Should Twitter and Facebook Be Regulated as Utilities? - gukov
http://blog.dilbert.com/post/156377416856/should-twitter-and-facebook-be-regulated-as
======
intopieces
>Realistically, can I quit Twitter and be a successful media personality
without it? Not in today’s world.

Total nonsequitor here. The constitution doesn't guarantee the right to be
famous.

Congress can't silence you, but it doesn't have to give you a megaphone.

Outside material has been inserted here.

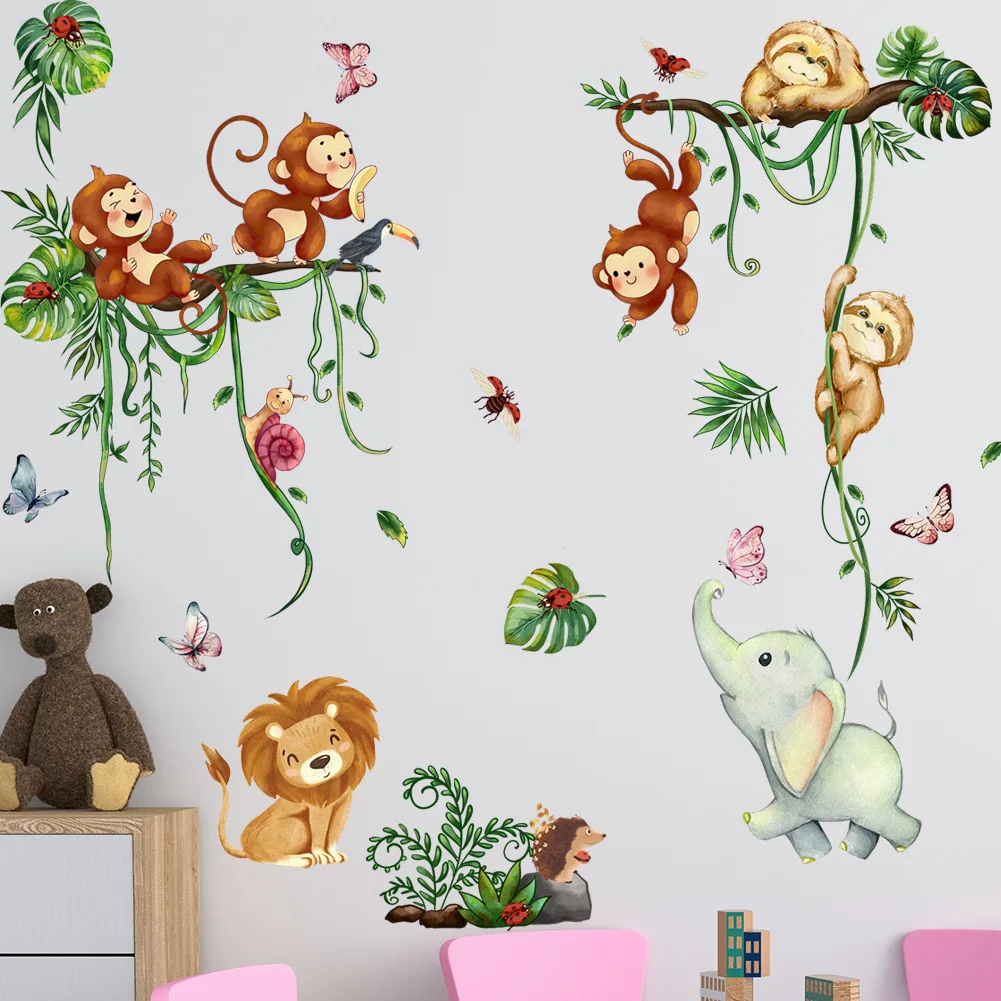 Наклейка с изображением животных и лозы для гостиной украшение детской комнаты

The Open Internet was supposed to be the megaphone.

------
norea-armozel
Seriously? No. It doesn't take much skull sweat to figure out why this doesn't
make any sense. First, social media sites are not monopolies nor utilities in
the proper sense. Facebook bans don't affect you ability to get on Twitter.
Twitter bans don't affect your ability to host a Wordpress site. And so on.
Now, if Scott Adams has evidence of blackballing then he has a case for
censorship but I haven't seen him make that case and I think he's not making
that case because he knows he's not being blackballed (and that would show up
under examination of any evidence presented).

------
lbarrett
So, deregulate ISPs, but regulate some sites on the internet? Sure, tha will
lead to good outcomes for everyone.

------
jakeogh
No. Better to let them fail.

------
chambo622
Poor guy thinks a follower saying they don't see his tweets is an indicator of
a vast conspiracy against him by a large corporation.